A 750 mL bottle of Sobrii 0-Gin

I’ve been becoming more and more “sober curious” over the course of Dry January, so I’ve started following a lot of alcohol-free accounts on Instagram. At first, this was mostly limited to beer accounts (it turns out, there is a lot of really great non-alcoholic beer being produced; unfortunately, most of it is in Europe or the USA, but I’ve had some good luck with some Canadian craft options – notably Partake Brewing (Calgary, by way of Toronto) and One for the Road Brewing (Calgary) – and a few European imports).

After a while, I started wondering about non-alcoholic spirits. Right now, the main player in this market is Seedlip out of the UK. They’re the market leader simply because they were among the first and the market is very much in its infancy right now. I enjoy all of Seedlip’s offerings, but they’re all very unique and don’t seek to replicate existing alcoholic beverages.

This is probably a wise move on their part, because it means customers don’t have a point of comparison and can’t say, “This tastes like watered down gin/whiskey/rum.”

Some brands, however, have attempted to replicate existing alcoholic spirits. I’ve read about two products: Ginish and Rumish. I think you can guess what each is trying to do. Currently, neither is available in Alberta.

What is available is Sobrii, a non-alcoholic gin from DistillX Beverages in Toronto. Late last week, it became available nationwide through Well.ca. Impulsively, I almost immediately ordered a bottle. It arrived this afternoon and I opened it shortly after getting home from work.

I believe Sobrii is primarily intended to be used in cocktails and highballs, but I wanted to see what it tastes like neat. The answer is: disappointing. It tastes reasonably similar to gin, with a lot of botanicals and a little pepperiness that hit you right away. Unfortunately, the lack of alcohol means it doesn’t quite land. Removing the booze really alters the flavour profile when you’re drinking it straight up.

I’m happy to report that it’s much better in a gin and tonic. It’s still not quite the same as gin with alcohol, but I think replacing that warming sensation of alcohol is hard to do (Ginish, mentioned earlier, apparently does it by adding capsaicin, the chemical that gives chili peppers their heat).

Overall, Sobrii makes a passable gin and tonic.

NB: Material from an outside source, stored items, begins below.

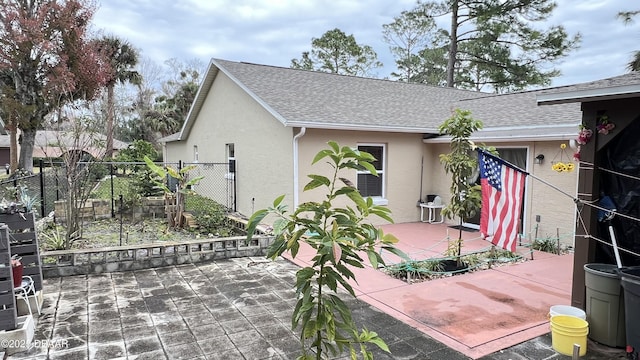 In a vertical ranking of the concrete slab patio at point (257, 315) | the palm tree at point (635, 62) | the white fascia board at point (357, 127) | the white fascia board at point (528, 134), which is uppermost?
the palm tree at point (635, 62)

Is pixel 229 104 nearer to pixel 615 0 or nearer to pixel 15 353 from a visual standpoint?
pixel 15 353

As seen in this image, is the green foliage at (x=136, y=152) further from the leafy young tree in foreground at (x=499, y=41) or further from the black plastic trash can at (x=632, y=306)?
the black plastic trash can at (x=632, y=306)

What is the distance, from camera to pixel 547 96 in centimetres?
434

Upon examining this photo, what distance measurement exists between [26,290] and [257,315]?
2645 millimetres

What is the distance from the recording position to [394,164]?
10.5 meters

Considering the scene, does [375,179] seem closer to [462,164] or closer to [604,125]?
[462,164]

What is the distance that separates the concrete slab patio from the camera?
374cm

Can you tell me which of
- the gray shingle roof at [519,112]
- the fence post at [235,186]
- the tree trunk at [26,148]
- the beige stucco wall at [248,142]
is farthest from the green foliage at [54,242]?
the tree trunk at [26,148]

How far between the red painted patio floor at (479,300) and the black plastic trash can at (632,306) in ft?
2.80

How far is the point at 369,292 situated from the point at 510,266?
294cm

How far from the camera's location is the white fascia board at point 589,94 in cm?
353

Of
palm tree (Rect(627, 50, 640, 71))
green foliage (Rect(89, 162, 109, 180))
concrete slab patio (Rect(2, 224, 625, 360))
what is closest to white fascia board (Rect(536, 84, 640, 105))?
concrete slab patio (Rect(2, 224, 625, 360))

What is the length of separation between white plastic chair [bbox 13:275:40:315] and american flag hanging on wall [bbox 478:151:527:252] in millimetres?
5633

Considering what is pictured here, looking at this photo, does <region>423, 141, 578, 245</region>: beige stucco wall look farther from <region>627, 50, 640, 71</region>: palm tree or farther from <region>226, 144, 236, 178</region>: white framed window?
<region>226, 144, 236, 178</region>: white framed window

I’m currently mixing it with a pretty cheap, store-brand diet tonic water. I’ll try it again later with something a bit nicer, like Fever Tree Indian Tonic Water, and see if that makes a difference. I imagine quality tonic makes a bigger difference when alcohol is taken out of the equation. I’ll update this post after I’ve tried Sobrii with a better quality tonic water.

I bought a 750 mL bottle, rather than the smaller size that was also available, so it’ll likely last me several months. By that time, who knows what other options might be available. The market for alcohol-free spirits is new but seems to be growing rapidly. Only time will tell if Sobrii becomes a stable in my liquor cabinet.

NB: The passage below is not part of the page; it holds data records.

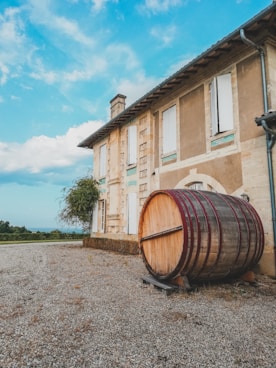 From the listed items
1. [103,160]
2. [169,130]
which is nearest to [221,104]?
[169,130]

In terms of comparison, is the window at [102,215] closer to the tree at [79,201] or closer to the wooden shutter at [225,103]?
the tree at [79,201]

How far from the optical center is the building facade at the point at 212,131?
19.0 feet

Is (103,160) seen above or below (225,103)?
above

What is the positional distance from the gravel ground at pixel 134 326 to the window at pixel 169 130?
525 centimetres

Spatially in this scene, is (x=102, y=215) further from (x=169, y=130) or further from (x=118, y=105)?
(x=169, y=130)

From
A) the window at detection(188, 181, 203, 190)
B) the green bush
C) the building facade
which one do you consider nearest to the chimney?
the building facade

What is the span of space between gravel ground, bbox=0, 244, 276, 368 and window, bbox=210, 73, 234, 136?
402cm

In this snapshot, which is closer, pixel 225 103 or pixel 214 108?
pixel 225 103

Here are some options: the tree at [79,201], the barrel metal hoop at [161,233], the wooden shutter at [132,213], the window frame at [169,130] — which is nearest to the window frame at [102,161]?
the tree at [79,201]

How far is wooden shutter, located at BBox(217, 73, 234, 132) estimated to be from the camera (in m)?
6.71

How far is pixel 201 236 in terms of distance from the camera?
3.78 metres

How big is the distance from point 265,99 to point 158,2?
175 inches

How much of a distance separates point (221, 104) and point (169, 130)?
2322 mm

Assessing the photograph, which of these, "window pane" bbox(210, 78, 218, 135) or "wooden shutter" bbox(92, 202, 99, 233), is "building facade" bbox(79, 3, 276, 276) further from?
"wooden shutter" bbox(92, 202, 99, 233) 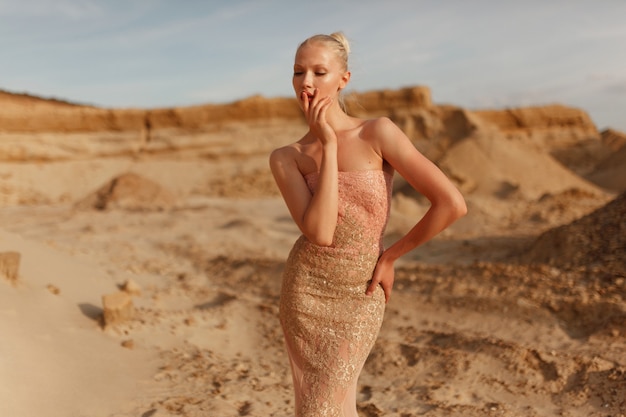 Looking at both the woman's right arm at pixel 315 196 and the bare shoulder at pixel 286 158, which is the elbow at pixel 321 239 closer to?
the woman's right arm at pixel 315 196

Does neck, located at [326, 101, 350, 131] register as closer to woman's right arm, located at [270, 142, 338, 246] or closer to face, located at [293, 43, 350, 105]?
face, located at [293, 43, 350, 105]

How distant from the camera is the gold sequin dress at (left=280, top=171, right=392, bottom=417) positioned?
2.20m

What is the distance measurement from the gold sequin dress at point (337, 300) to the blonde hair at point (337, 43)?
410mm

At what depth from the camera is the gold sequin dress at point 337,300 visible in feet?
7.22

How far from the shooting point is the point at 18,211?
593 inches

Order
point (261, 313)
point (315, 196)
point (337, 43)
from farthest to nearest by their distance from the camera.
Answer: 1. point (261, 313)
2. point (337, 43)
3. point (315, 196)

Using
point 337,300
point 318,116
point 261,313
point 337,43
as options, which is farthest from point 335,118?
point 261,313

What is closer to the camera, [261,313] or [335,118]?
[335,118]

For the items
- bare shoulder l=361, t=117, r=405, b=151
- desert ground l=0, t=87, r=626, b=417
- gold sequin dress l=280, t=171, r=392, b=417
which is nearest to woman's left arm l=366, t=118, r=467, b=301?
bare shoulder l=361, t=117, r=405, b=151

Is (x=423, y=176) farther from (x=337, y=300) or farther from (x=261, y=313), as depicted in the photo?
(x=261, y=313)

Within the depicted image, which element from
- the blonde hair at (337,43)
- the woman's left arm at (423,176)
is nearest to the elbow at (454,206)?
the woman's left arm at (423,176)

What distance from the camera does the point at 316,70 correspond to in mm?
2148

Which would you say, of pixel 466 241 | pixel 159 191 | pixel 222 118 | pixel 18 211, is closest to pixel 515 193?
pixel 466 241

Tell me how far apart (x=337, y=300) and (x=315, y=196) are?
Result: 42cm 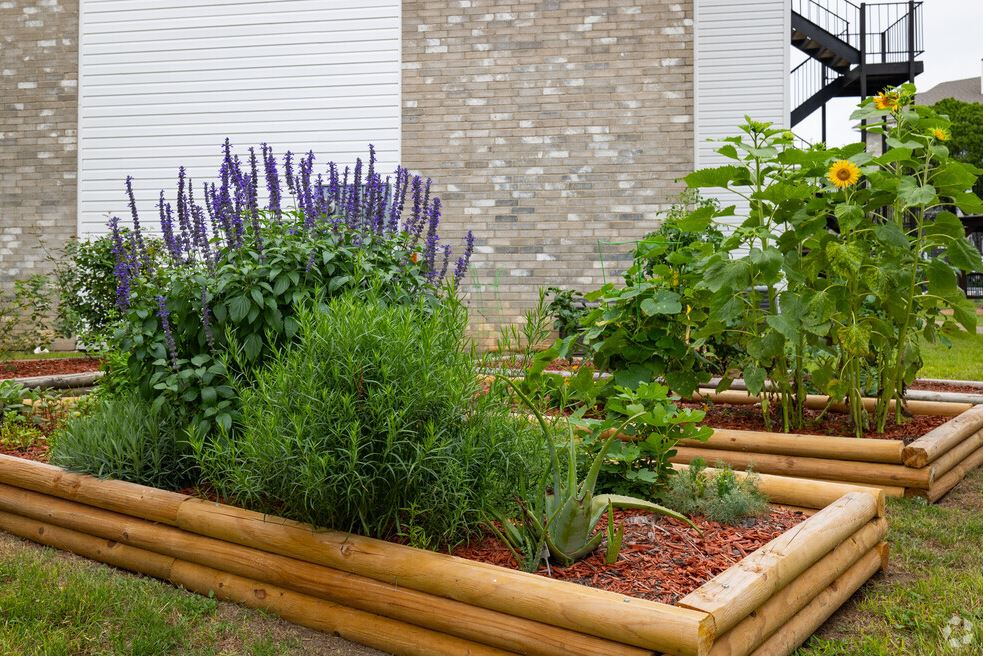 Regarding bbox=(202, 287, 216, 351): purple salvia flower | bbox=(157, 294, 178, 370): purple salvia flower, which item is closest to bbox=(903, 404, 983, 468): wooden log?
bbox=(202, 287, 216, 351): purple salvia flower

Update (Jan. 31, 2020): I still haven’t tried mixing Sobrii with a higher quality tonic, but I made a highball with this last night, that was quite good. The recipe follows:

  • 2 oz. (60 mL) Sobrii 0-Gin
  • 4 oz. (120 mL) ginger beer (I used Zevia Ginger Beer Mixer)
  • Squeeze of lime juice (fresh and garnished with a lime wedge would be best, but I used ReaLime since it’s what I had on hand)

Note: An earlier version of this post identified Partake Brewing as being based in Toronto. In fact, the brewery is located in Calgary but the company originated in Toronto and has offices in both cities.